Several optoelectronic technologies that fall within NASA?s interests will benefit from new advances in nano-engineered materials. Device applications include optical detectors, remote sensing and satellite communications systems, high resolution imaging, lightwave integrated circuits, quantum computing, and photonic converters and multiplexers. Successful development of the new technology proposed will provide a new class of nonlinear optical materials with optical and electronic properties that can be strategically tuned for specific applications. Success of this new technology will also provide a significant example of applying nanotechnology design and fabrication approaches to produce complex heterostructured materials for practical device applications.

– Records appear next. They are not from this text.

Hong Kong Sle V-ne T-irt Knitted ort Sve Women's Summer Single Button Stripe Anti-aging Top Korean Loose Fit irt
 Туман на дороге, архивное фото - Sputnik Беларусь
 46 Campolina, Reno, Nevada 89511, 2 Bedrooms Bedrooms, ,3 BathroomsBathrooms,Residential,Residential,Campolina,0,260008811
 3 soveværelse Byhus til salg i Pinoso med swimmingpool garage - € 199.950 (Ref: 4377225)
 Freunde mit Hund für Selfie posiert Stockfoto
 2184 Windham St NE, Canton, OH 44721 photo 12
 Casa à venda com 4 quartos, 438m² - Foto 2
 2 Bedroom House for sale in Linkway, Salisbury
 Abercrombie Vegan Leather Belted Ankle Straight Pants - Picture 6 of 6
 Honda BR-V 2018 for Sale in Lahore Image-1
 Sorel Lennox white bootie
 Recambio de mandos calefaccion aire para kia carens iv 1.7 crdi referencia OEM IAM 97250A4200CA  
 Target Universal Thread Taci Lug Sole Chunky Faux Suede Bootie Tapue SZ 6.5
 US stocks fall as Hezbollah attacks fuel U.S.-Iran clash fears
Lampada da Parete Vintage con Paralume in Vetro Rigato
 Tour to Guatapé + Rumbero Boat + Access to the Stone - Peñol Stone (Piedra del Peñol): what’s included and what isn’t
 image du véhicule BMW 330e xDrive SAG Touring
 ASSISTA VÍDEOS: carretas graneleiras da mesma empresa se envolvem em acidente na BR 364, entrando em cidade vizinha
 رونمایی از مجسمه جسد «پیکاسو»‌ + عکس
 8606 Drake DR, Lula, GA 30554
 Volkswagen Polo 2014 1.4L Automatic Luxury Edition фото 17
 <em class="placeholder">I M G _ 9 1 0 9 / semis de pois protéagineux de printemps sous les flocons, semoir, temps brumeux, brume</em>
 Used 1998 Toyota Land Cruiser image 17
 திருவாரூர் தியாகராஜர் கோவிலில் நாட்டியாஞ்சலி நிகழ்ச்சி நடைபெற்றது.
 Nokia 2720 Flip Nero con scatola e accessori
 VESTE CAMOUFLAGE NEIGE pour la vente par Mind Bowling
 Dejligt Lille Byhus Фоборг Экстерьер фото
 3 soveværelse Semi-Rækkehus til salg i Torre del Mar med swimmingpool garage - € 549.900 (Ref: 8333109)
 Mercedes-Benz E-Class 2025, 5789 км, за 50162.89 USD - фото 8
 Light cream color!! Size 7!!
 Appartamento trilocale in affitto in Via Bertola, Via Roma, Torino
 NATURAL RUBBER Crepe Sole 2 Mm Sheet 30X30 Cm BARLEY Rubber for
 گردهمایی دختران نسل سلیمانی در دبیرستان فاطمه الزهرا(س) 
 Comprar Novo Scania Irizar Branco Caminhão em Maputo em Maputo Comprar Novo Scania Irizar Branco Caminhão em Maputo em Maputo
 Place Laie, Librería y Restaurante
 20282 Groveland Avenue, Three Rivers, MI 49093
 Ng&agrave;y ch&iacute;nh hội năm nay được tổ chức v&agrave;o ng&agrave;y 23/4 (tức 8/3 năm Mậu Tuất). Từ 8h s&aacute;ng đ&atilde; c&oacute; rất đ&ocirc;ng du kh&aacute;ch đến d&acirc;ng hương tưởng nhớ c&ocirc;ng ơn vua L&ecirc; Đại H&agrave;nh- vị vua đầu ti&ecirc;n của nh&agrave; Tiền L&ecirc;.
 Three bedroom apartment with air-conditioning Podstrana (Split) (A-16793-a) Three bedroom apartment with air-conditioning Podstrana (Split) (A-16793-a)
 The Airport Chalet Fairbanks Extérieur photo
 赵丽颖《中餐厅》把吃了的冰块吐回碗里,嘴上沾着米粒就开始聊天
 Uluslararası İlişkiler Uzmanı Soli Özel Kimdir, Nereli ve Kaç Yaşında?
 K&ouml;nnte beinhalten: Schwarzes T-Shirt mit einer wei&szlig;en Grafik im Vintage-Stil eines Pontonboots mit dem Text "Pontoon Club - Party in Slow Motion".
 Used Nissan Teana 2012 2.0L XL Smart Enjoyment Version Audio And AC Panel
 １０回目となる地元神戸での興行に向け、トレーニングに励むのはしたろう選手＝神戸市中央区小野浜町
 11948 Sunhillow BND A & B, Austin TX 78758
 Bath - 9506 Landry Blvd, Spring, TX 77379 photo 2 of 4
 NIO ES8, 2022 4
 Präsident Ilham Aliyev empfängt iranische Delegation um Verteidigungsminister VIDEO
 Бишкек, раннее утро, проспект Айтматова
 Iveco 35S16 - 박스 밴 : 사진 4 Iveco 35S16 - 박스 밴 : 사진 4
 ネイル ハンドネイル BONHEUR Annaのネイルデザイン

Commercial interests in optoelectronic materials include optical interconnects, solid state lasers, optical amplifiers, waveguide distribution circuits, optical detectors, optical modulators and switches, optically gated transistors and couplers. These components are important in computing, data storage, digital entertainment systems, displays and other consumer electronics. Photonic integrated circuit subsystems are also critical to advancing fiber-optic communication systems.